§ **Dataset records**
▼▼▼

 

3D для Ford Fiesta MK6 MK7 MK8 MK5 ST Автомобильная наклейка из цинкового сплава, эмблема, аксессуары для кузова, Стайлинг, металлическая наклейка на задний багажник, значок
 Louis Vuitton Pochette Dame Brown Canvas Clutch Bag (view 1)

▲▲▲
▼▼▼

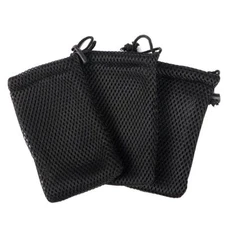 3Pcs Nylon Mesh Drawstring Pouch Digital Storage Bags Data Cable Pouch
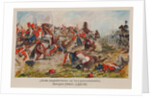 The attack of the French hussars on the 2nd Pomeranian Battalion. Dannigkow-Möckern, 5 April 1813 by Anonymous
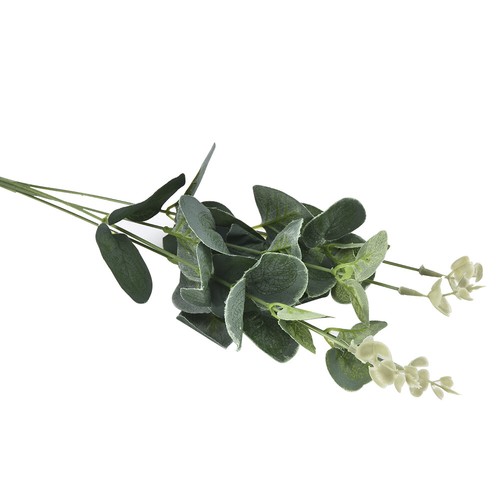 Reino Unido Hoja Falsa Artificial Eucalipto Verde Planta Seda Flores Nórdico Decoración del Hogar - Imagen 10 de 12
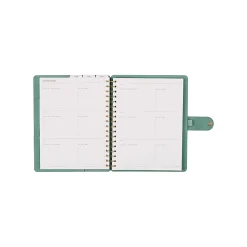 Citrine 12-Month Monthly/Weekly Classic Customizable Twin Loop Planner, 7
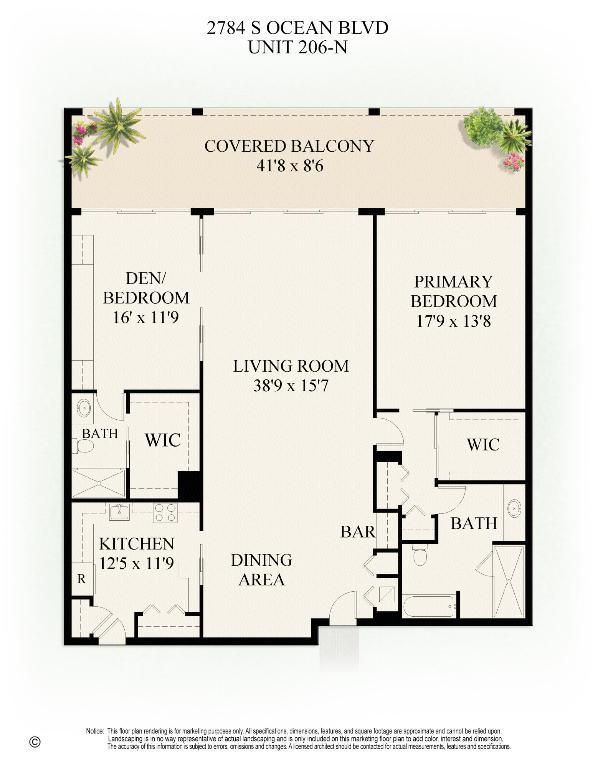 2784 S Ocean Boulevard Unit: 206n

▲▲▲

§ **Description of the task**
Return word for word the lines of the listing above, starting at the line with "The attack of" and ending at the line with "2784 S Ocean Boulevard Unit: 206n", both included. Pictures do not belong in the copy.

§ **Answer below**
 The attack of the French hussars on the 2nd Pomeranian Battalion. Dannigkow-Möckern, 5 April 1813 by Anonymous
 Reino Unido Hoja Falsa Artificial Eucalipto Verde Planta Seda Flores Nórdico Decoración del Hogar - Imagen 10 de 12
 Citrine 12-Month Monthly/Weekly Classic Customizable Twin Loop Planner, 7
 2784 S Ocean Boulevard Unit: 206n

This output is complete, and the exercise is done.